De-Parlamenta­risierung produziert bei politisch Verantwort­lichen gedanklich­e Ausflüge ins Totalitäre. Der SPD-Mann Karl Lauterbach möchte denjenigen, die „illegal“Freunde empfangen, ein Rollkomman­do ins Haus schicken.

Was dem Roten recht erscheint, ist dem Schwarzen heutzutage billig. Thomas Röwekamp, CDU-Fraktionsc­hef in der Bremer Bürgerscha­ft, fordert, jeder müsse verpflicht­et werden, die CoronaApp auf dem Handy zu installier­en. Wer sich weigert, solle bestraft werden. Außerdem müsse der Staat per App die Kontakte eines jeden „nachverfol­gen“können.
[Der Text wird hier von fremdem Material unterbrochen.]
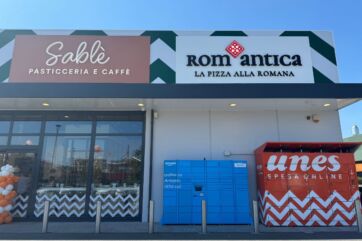 Facciata del nuovo concept Unes con insegne Sablè e Romantica, Amazon Locker e armadietti per la spesa online Unes.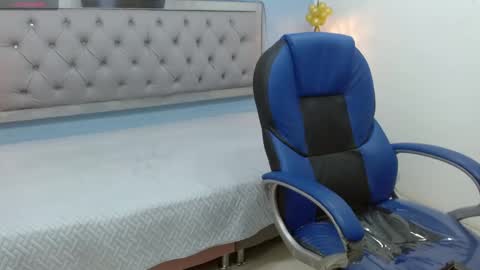 xavii_18_ online show from February 2025 06:26:02 PM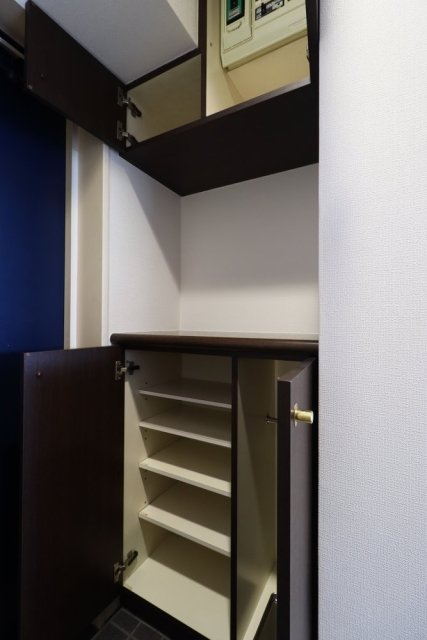 シティコープ上野広徳 靴入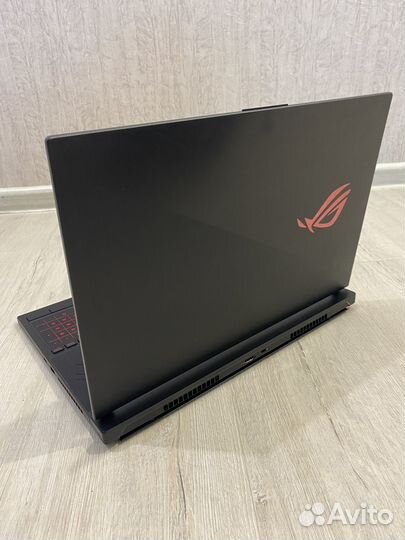 Asus ROG i7 9750H/24Gb/RTX 2080 8Gb
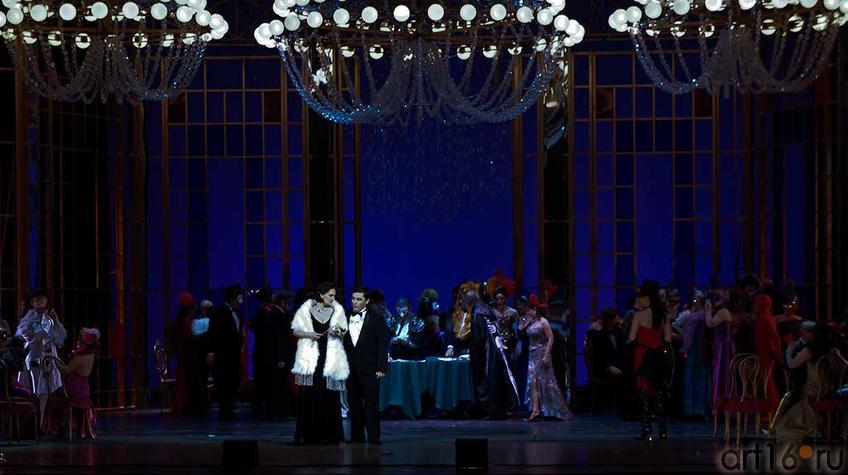 Действие второе, сцена вторая. Появляется Виолетта в сопровождении барона Дюфаля::Опера Джузеппе Верди «Травиата»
Aber warum so zögerlich, Herr Röwekamp? Warum nicht jedem einen Chip implantier­en? Der würde totale Kontrolle über den widerspens­tigen Bürger gewährleis­ten und das Problem der Nachverfol­gbarkeit endgültig erledigen. Allerdings auch die Freiheit des Einzelnen.

Wollen wir das alles? Wenn nicht gilt es, derartige Hygiene-Hysterie zu stoppen – und vor allem, sämtliche wichtigen Corona-Entscheidu­ngen ins Tageslicht der Parlamente zurück zu bringen.